Bala has some 5cents, 10cent and 20cents coins. The number of 5cents coins is three times that of 10cents coins. There are 2 more 20cents coins than 10cents coins. If the total value of the coins is $10.35, how many 5cent coins does Bala have?
STUCK ON HOMEWORK?
ASK FOR HELP FROM OUR KIASUPARENTS.COM COMMUNITY!
Question
Answer
let number of 10- cent coins be x.
no of 5-cent coins = 3x
no of 10-cent coins = x
no of 20-cent coins = 2+x
Total value: 3x(0.05) + x(0.10) + (2+x)(0.20) = 10.35
0.15x+ 0.10x + 0.40 + 0.2x = 10.35
0.45x = 9.95
x= 22.1111 round off to 22
no of 5 cent coins = 22×3= 66
Assuming your answer is correct,
… …
No. of 5-cent coins: 66
No. of 10-cent coins: 66÷3 = 22
No. of 20-cent coins: 22 + 2 = 24
Quantity | Value | |
No. of 5-cent coins | 66 | 66 × 0.05 = $3.30 |
No. of 10-cent coins | 66 ÷ 3 = 22 | 22 × 0.10 = $2.20 |
No. of 20-cent coins | 22 + 2 = 24 | 24 × 0.20 = $4.80 |
Total value: | $10.30 |
This still does not give the total value of $10.35.

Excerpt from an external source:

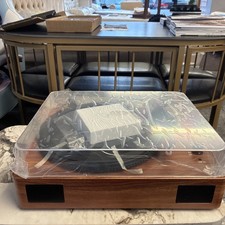  Xenta BV-028  Record Player Stereo-Speckers Build In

If you have defined the value of x to be the NUMBER of coins, how can it output a decimal? And how can it simply be rounded off?
This is not a fluid algebraic quantity; it refers to an actual quantity of a physical object.

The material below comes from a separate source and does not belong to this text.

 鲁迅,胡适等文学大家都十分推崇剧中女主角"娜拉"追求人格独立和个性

This question is NOT solvable. There has to be an error or typo in the question.
Good point. The total sum should be $10.30 instead of $10.35. Maybe the original poster can clarify.
This is an interesting problem. So sorry it slipped unnoticed. Any solutions to this?
Doesn’t seem solvable.
Lol. It looks like I’m not so stupid after all 🙂
But it does seem solvable, maybe by some devious method. Probably some brain teaser or something.